The interaction of parallel computing working with shared data is required to prevent data from being changed by one process while the data is being used by another. Methods for regulating such interaction have been known for a long time; both C/C++ and other programming languages use mutexes and their derivatives (guard_lock, shared_lock, unique_lock), which are an element of standard libraries. The principle of operation is outwardly quite simple: if the data is reserved for modification by a particular thread, then the rest must wait. It is easy to guess that this somewhat slows down the system as a whole. This, of course, is not a subject for admiration but a wholly expected and understandable situation. However, this is just the tip of the iceberg: in multiprocessor systems with a large number of parallel threads and shared data, situations can arise when the slowdown is substantial (livelock/starvation) or the system as a whole stops - a deadlock occurs: everyone is waiting for something, but there is no progress.

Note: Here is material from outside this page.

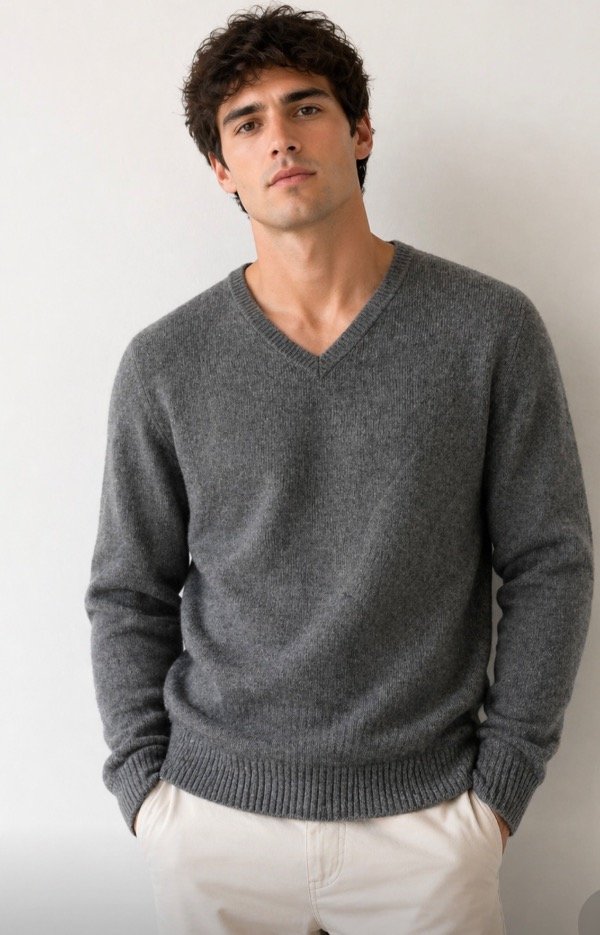 Producto - Sweater clasico (520)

This is aggravated by the fact that even in not-too-complex systems, the cause of problems is difficult to detect and eliminate. First, this is because such situations usually arise at random times. Sometimes they take place, and sometimes they do not; detecting something not deterministically reproduced is always extremely difficult. The second complicating circumstance is that using any debugging tool changes the timing and thus breaks the program's behavior. In particular, the unpleasant situation often "disappears" in this case but, of course, occurs again in the normal mode. In particular, simply printing debug information can have this effect since the print statement interrupts the thread it is being printed from. Finally, if the problem has been eliminated, this does not mean that tomorrow it will not reappear after modifying the code of one of the parallel logical processes or adding a new logical process and, accordingly, one or more threads.
Finally, another problem: the C++ standard does not contain precise requirements for implementing coordination facilities (mutex and derivatives). The most advanced version should provide some pretty sophisticated behavior that allows multiple threads "read-only" access simultaneously, alternated with exclusive access for modification. This involves denying "read-only" access after receiving a modification request and granting modification access after no "readers" are left. Because this is not specified by the standard, a system that functions normally on one platform (combination of the compiler, operating system, and processor type) may encounter problems on another platform.

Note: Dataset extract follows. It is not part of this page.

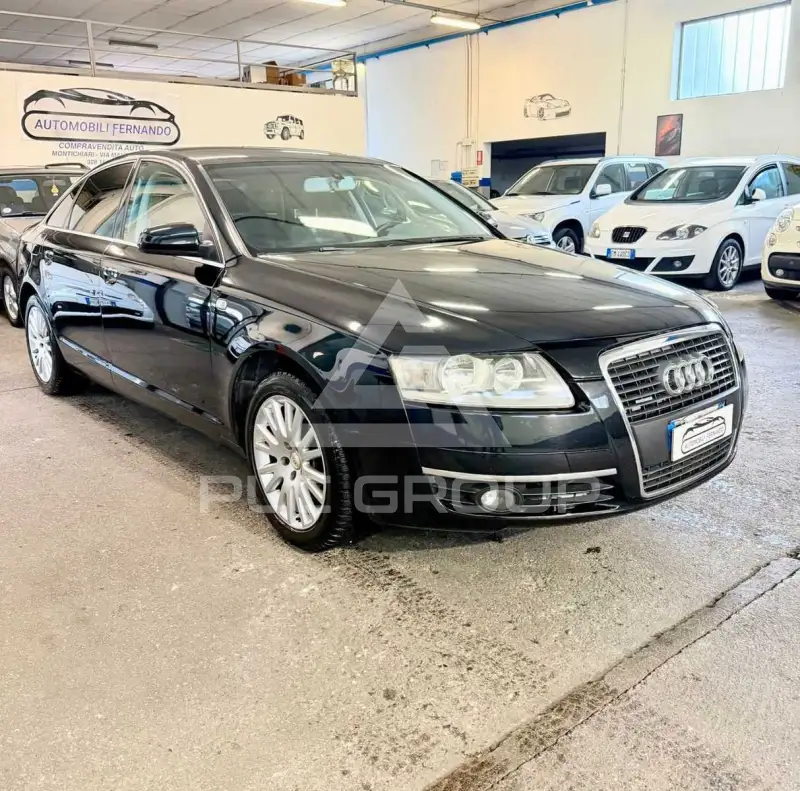 2008 Audi A6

Since refusing the requested access, according to the standard, means suspending the thread until the requested access is obtained, the need to use the operating system functions is obvious. This introduces additional possibilities for variations in system behavior due to differences in operating systems or settings on the same system. The use of processor specifics when compiling application and/or operating system code is why implementing mutex and its derivatives depends on the type of processor.
Ultimately, the "classic" implementation of parallelization boils down to the fact that each logical process runs in a separate thread; as a result, the number of threads involved is many times greater than the number of processors/cores. This means most threads are in the "hold on" state at any time. The operating system scheduler is busy activating/deactivating threads, which, firstly, requires a certain amount of resources, and, secondly, affects the behavior of the AI/AGI system.
Let's summarize the above:
The interaction of many logical processes creates opportunities for logical internal conflicts
Such conflicts can lead to significant degradation of performance and even a complete blocking of the system
The cause of conflicts is difficult to detect, and once discovered, it does not always have an obvious way to eliminate it
The presence or absence of problems depends not only on the source code (and therefore the programmer's qualifications) but also on the compiler, multithreading support library, operating system, and processor.